Reso pubblico ad inizio giugno, nelle scorse settimane le indagini hanno coinvolto ben trentadue squadre, tra cui L’Aquila.

Nel primo filone d’inchiesta, al club rossoblù sono state inizialmente contestate dalla procura di Catanzaro le presunte combine di quattro gare dello scorso campionato (Santarcangelo-L'Aquila del 15 novembre 2014, L'Aquila-Savona del 23 novembre 2014, L'Aquila-Tuttocuoio del 25 marzo 2015 e L'Aquila-Santarcangelo del 29 marzo 2015).

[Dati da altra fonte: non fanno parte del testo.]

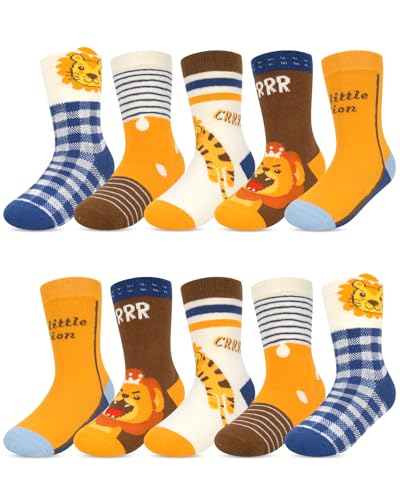 Kyopp 10 pares de calcetines para niños y niñas, divertidos calcetines de algodón, calcetines divertidos para invierno/verano, 8016-Guapo León, 21-24
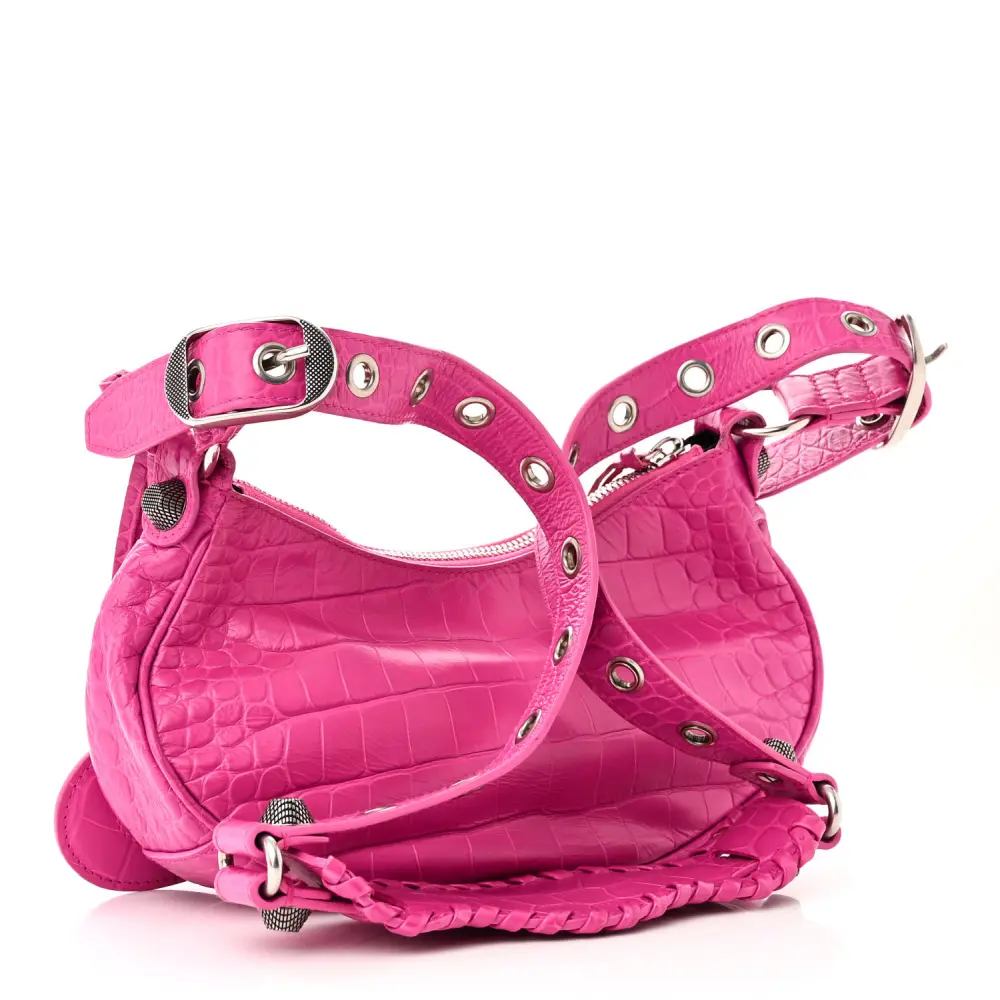 Balenciaga XS Le Cagole Shoulder Bag Lipstick Pink Crocodile Extra Embossed Supple Calfskin Leather Silver Hardware - 图片 3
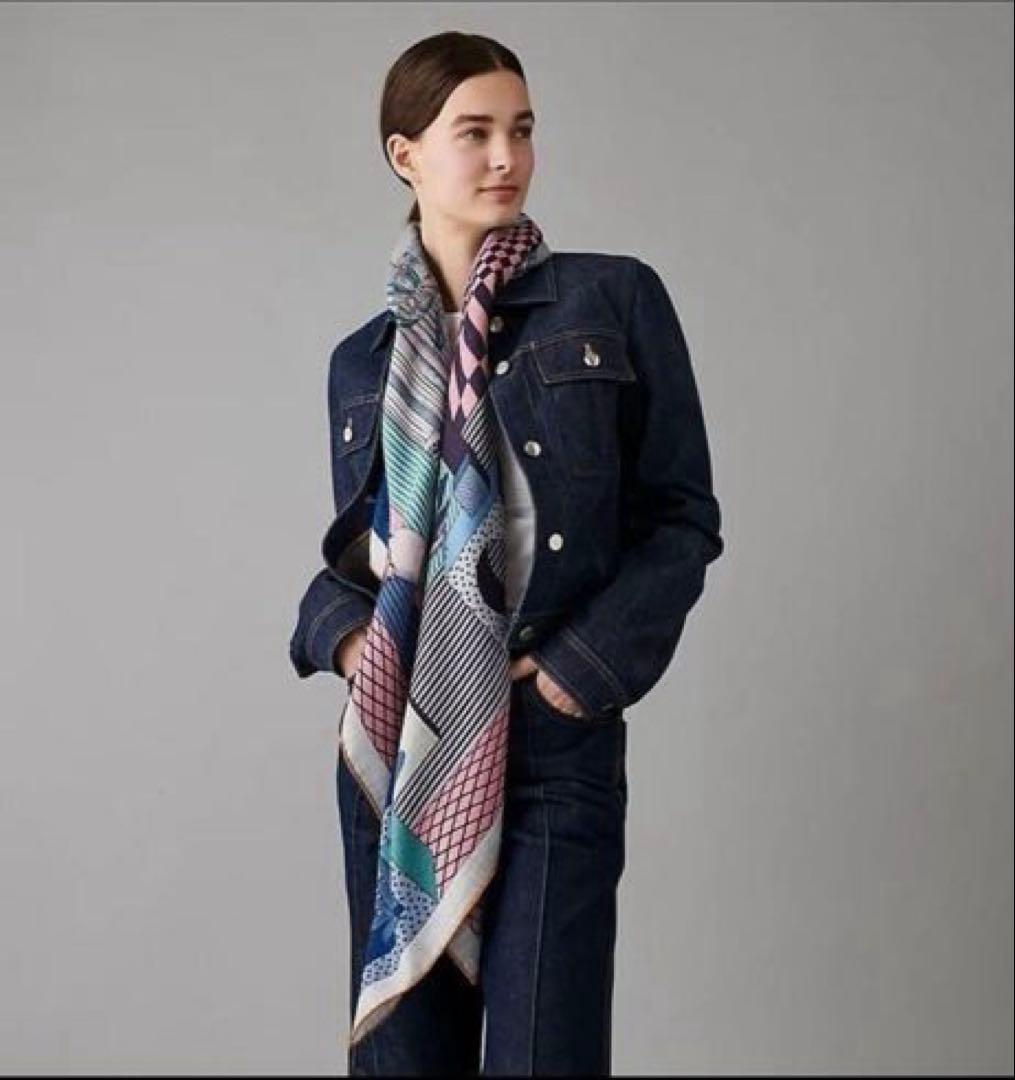 エルメス カレジェアン140 カシミヤシルク ストール カシシル スカーフ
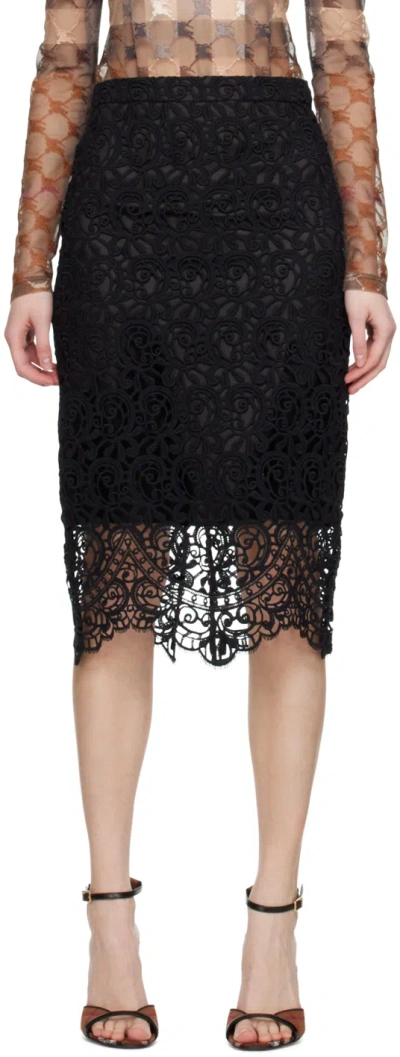 Burberry Macrame Lace Pencil Skirt In Black
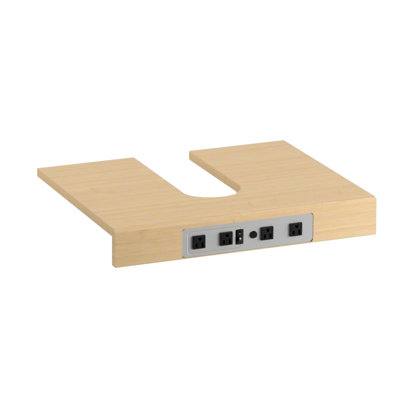 Tablette réglable avec prises électriques pour meubles-lavabos sur mesure 60 po à double cuve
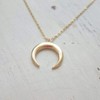 Double Horn Necklace,Gold Horn necklace,Moon Necklace,Crescent Moon,Boho Necklace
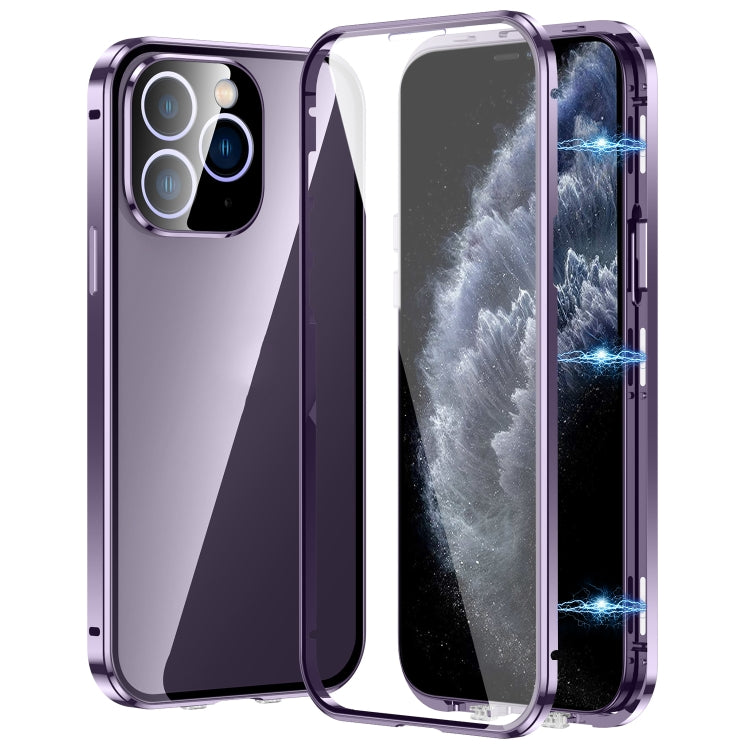 Caja magnética de vidrio templado HD con doble hebilla para teléfono, For iPhone 11 Pro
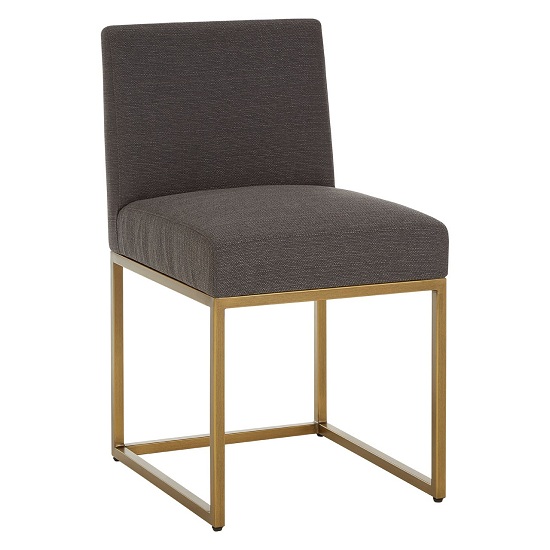 Chalawan Brass Base Dining Chair With Grey Top in Pair  _2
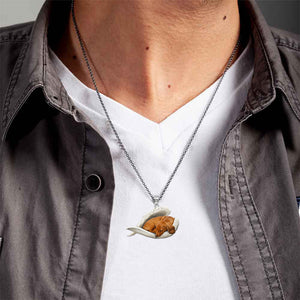 Dachshund Sleeping Angel Stainless Steel Necklace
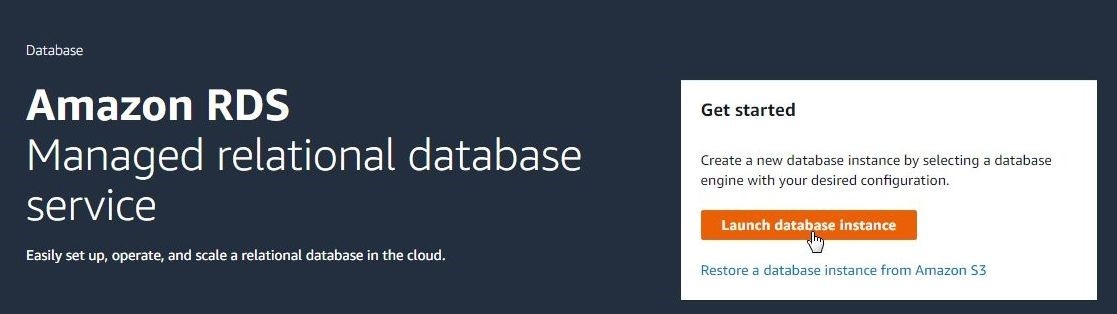 Figure 1. Clicking on Launch Database Instance, Amazon RDS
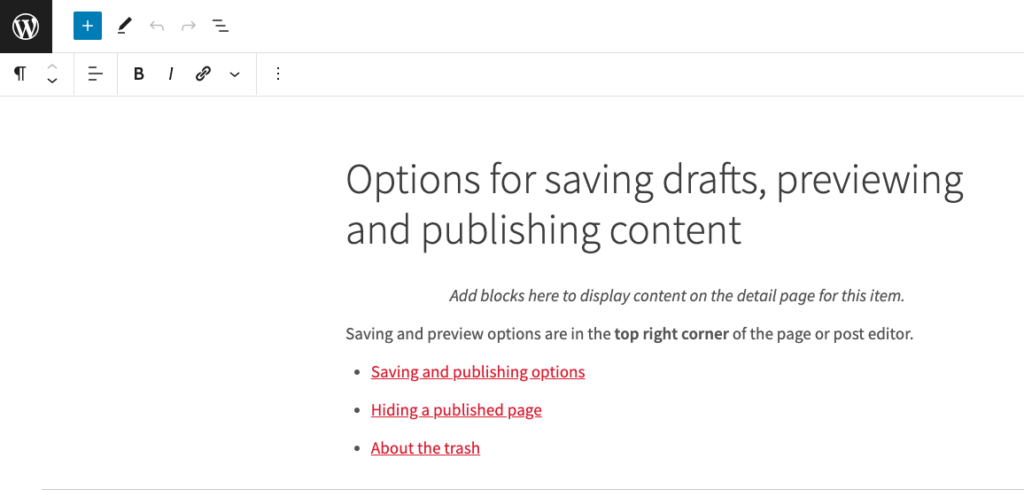 Screenshot of the WordPress page editor with the top toolbar enabled.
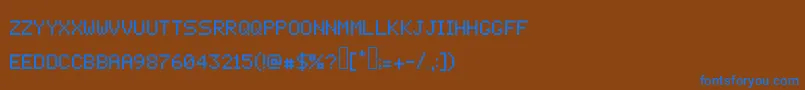 フォントPixelcrypt – 茶色の背景に青い文字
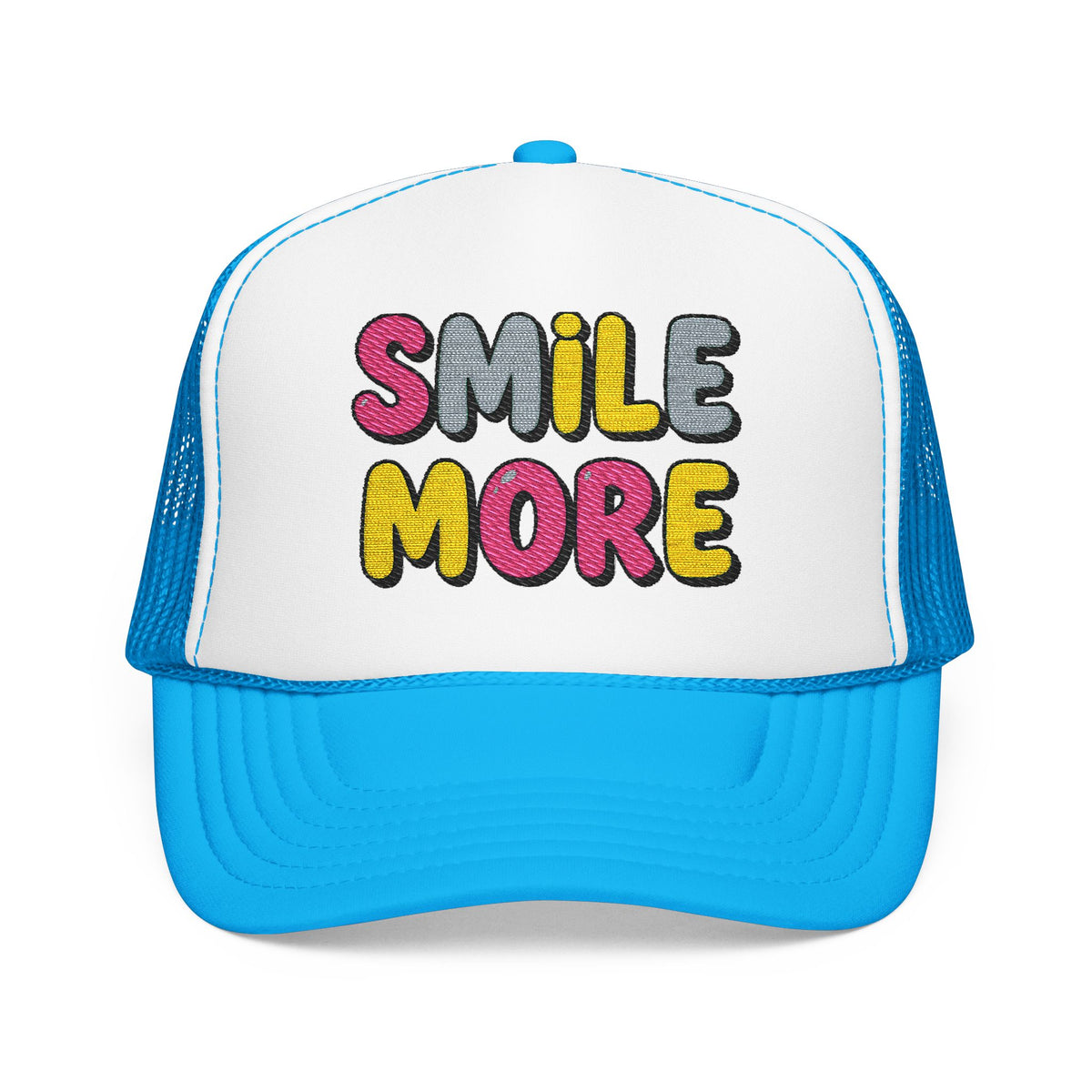 Smile More Foam Trucker Hat — Colorful Cheerful Graphic Cap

In particolare, dalle intercettazioni telefoniche trascritte e consegnate al procuratore federale Stefano Palazzi, l’ex responsabile dell’area tecnica aquilana Ercole Di Nicola avrebbe tentato di aggiustare il risultato delle partite con l’aiuto di alcuni dirigenti e calciatori delle squadre avversarie.

Come se non bastasse, è notizia di ieri l’indagine scattata su altre quattro gare di Lega Pro, tra cui Pistoiese-L’Aquila (3-1) del 12 aprile scorso.

Anche in questo caso, però, la responsabilità dei rossoblù sembrerebbe solo oggettiva e non diretta.

Questo perché dai carteggi non emergerebbe il coinvolgimento di dirigenti o calciatori aquilani.

L’indagato resta sempre il direttore sportivo Ercole Di Nicola che, secondo gli investigatori, avrebbe dapprima provato ad aggiustare la partita in favore dell’Aquila (tramite l’aiuto del calciatore della Pistoiese Alessandro Romeo e la mediazione del calciatore ex Viareggio Davide Matteini e dell’agente Fifa Eugenio Ascari, ndc), salvo poi tornare sui suoi passi e, su proposta del direttore sportivo del Poggibonsi, Peppe Cianciolo, combinare il risultato a favore della Pistoiese, rilanciando a 50 mila euro l’offerta iniziale di 25 mila euro da parte del diesse Cianciolo. Sulla nuova partita sotto inchiesta, è intervenuto il presidente rossoblù, Corrado Chiodi. «Anche in questo caso sembra rafforzarsi la tesi che Di Nicola abbia agito per proprio conto e senza alcun collegamento con L’Aquila Calcio. In più, sottolineo che la presunta combine con la Pistoiese non abbia giovato in alcun modo alla nostra squadra, che ha perso la partita di Pistoia».

Sulla posizione del club, invece, ha parlato così il legale dell’Aquila, l’avvocato Flavia Tortorella. «Sottolineo innanzitutto che la partita con la Pistoiese eventualmente avrà un percorso a parte, perché è spuntata dopo la chiusura delle indagini. Abbiamo richiesto gli atti in procura e speriamo di averli a disposizione già oggi. A L’Aquila sono imputate, come responsabilità oggettiva, non solo le gare con Santarcangelo, Tuttocuoio e Savona, ma tutte le presunte combine delle partite di Lega Pro in cui è coinvolto l’ex ds Di Nicola (in totale 22). Mi sembra assurdo. In più, negli atti di chiusura delle indagini non si fa riferimento ad alcun elemento probatorio da parte della procura. Spero che negli atti del deferimento», conclude il legale, «ci siano tutte le motivazioni della procura così da poter impostare la tesi difensiva sulla base di elementi concreti». Se all’Aquila verrà riconosciuta la responsabilità oggettiva in tutte e 22 le gare in cui è coinvolto Di Nicola, in caso di mano pesante del tribunale (1 punto a partita), i rossoblà potrebbero subire una grave penalizzazione (anche di 22 punti) e a qual punto in città e sui social già serpreggia l’invito dei tifosi alla dirigenza di non iscriversi alla Lega Pro, ripartire direttamente dalla Serie D, vincerla e il prossimo anno ritrovarsi di nuovo in Lega Pro.

Caso Zenuni. La Figc ha inflitto l’inibizione di due mesi all’ex patron aquilano Elio Gizzi e 6 mila euro di ammenda all’Aquila, «per aver sottoscritto il modulo di variazione di tesseramento del calciatore Rius Zenuni, nonostante lo stesso esponesse la dicitura nazionalità albanese».